# How does 4x4 mma at tensor core level translate to 16x16 mma at warp level?

I have recently started using tensor core operations with CUDA, and am a bit confused on how do we arrive at a 16x16 matrix size at warp level. I am on V100, and my understanding is that each tensor core can perform a 4x4 matrix multiplication. Within an SM, a warp scheduler has access to only two tensor cores, so I don’t understand how using two tensor allow quadrupling the size of the matrix. Can someone please explain what I could be missing?

I guess you might be thinking that a 16x16 matrix multiply on a V100 all happens in a single instruction or single push of a button, or something like that. It sort of appears that way at the CUDA C++ intrinsic level.

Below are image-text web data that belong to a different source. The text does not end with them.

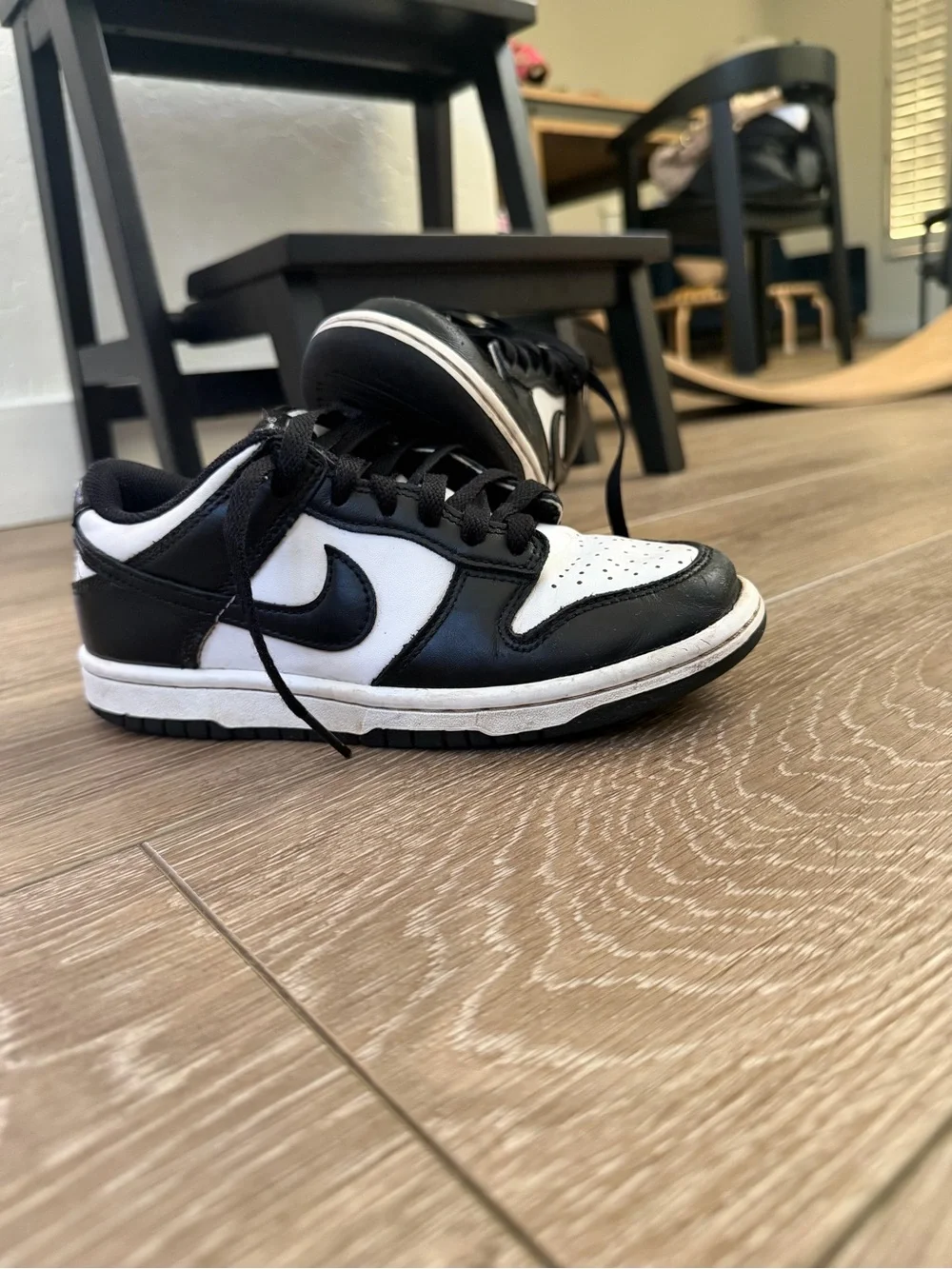 Youth Nike Low-Top Sneakers in Black and White Pandas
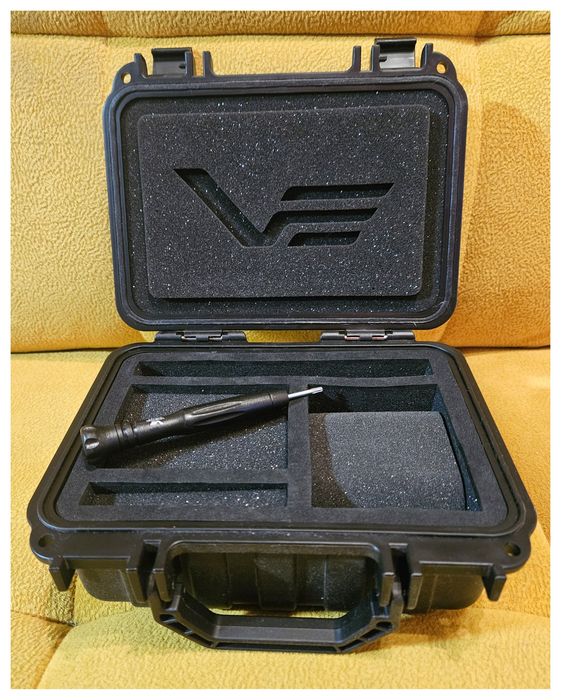 Vostok Europe DryBox klasyczny + śrubokręt
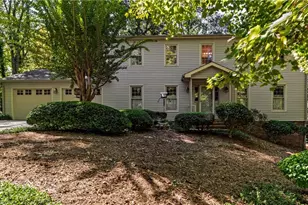 205 N Quail Cir, Wilkesboro, NC 28697 - Photo 1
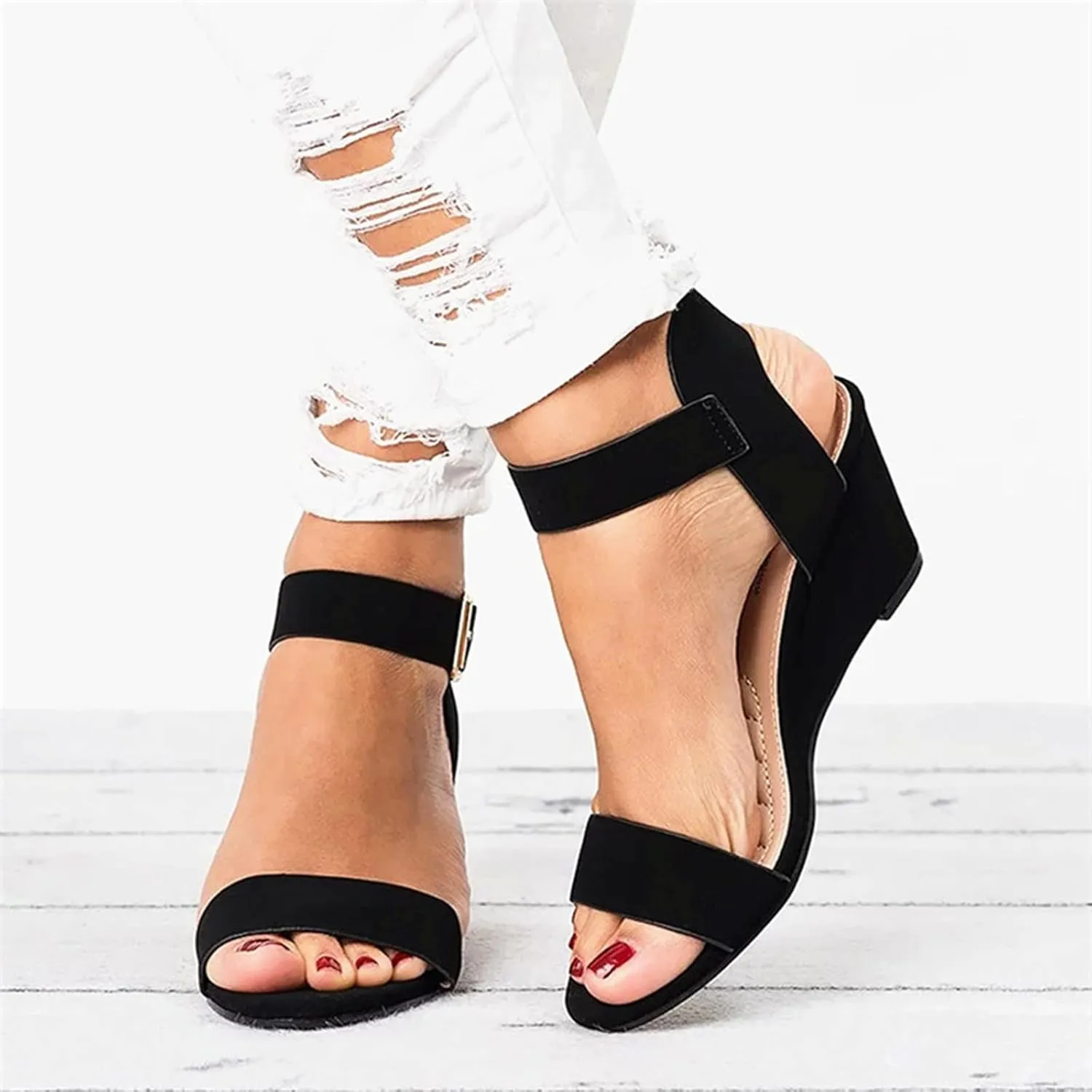 oiangi Suede Wedge Sandals for Women Fashion Solid Ankle Strap Buckle Round Toe Open Toe Low Top Sandalias Summer Comfortable Casual Ladies Shoes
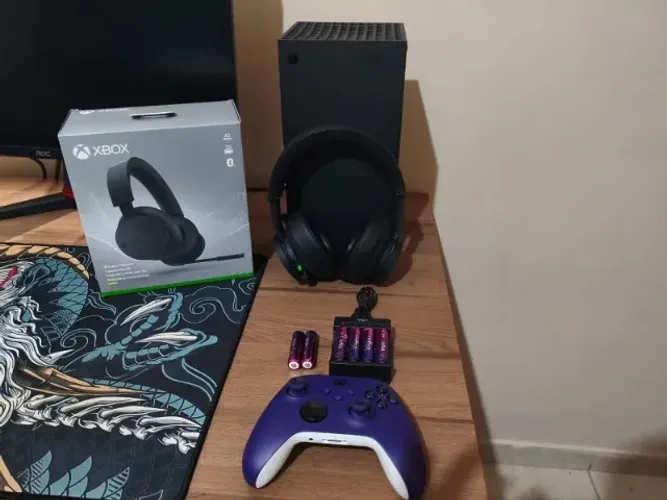 Xbox Series X Seminovo + Controle Personalizado Roxo + Fone Headset Microsoft Novo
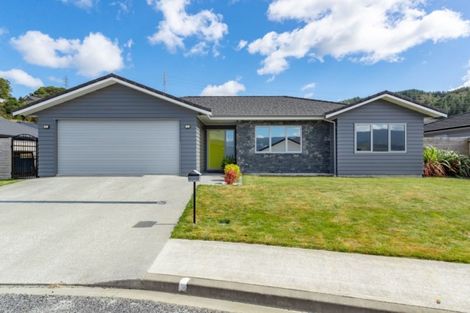 Photo of property in 103 Riverstone Drive, Riverstone Terraces, Upper Hutt, 5018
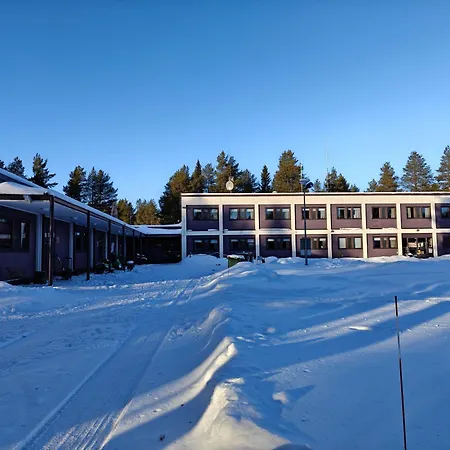 Goiglo & Hotel 4*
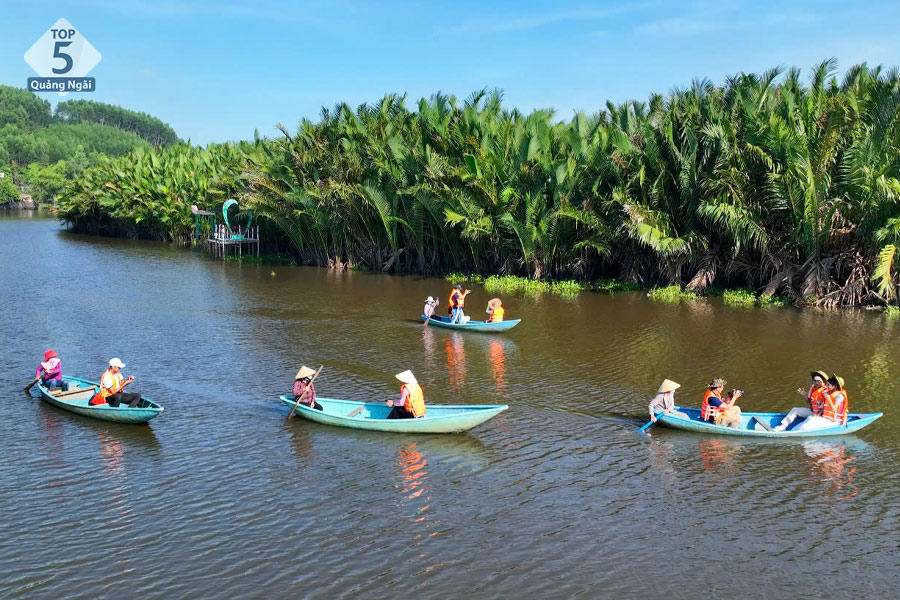 ngồi thuyền trải nghiệm khu du lịch sinh thái Quảng Ngãi rừng dừa cà ninh 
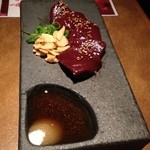 超厚切りネットリの生レバ！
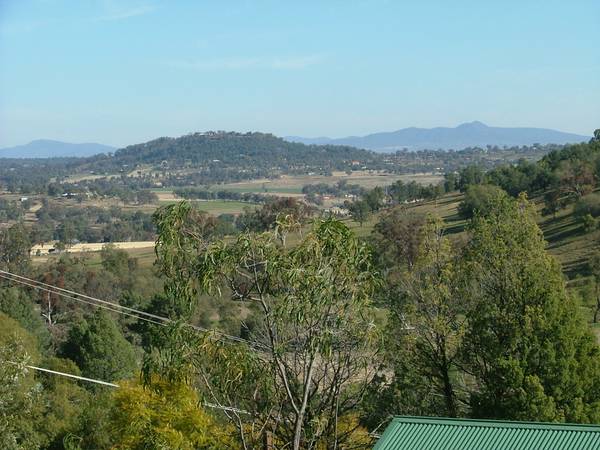 Close to the city on a tranquil 6.8 acres Picture 2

It does not, at the machine code level. Remember that CUDA C++ is a compiled language. Something that is elegantly expressed at the C++ level may decompose into multiple steps at the machine level.

On V100, I believe the basic op performed by the TC unit was an m=8,n=8,k=4 (884) multiply. It looks like there was a two-step process to get to a 888 multiply (perhaps – I haven’t given this lots of study). To get to the full 16x16 multiply would require 4 of these. Clever carrying of the intermediate sums in registers from one op to the next should allow stitching the ops together with minimum effort, I think.

You can get an idea by compiling the code and inspecting the SASS.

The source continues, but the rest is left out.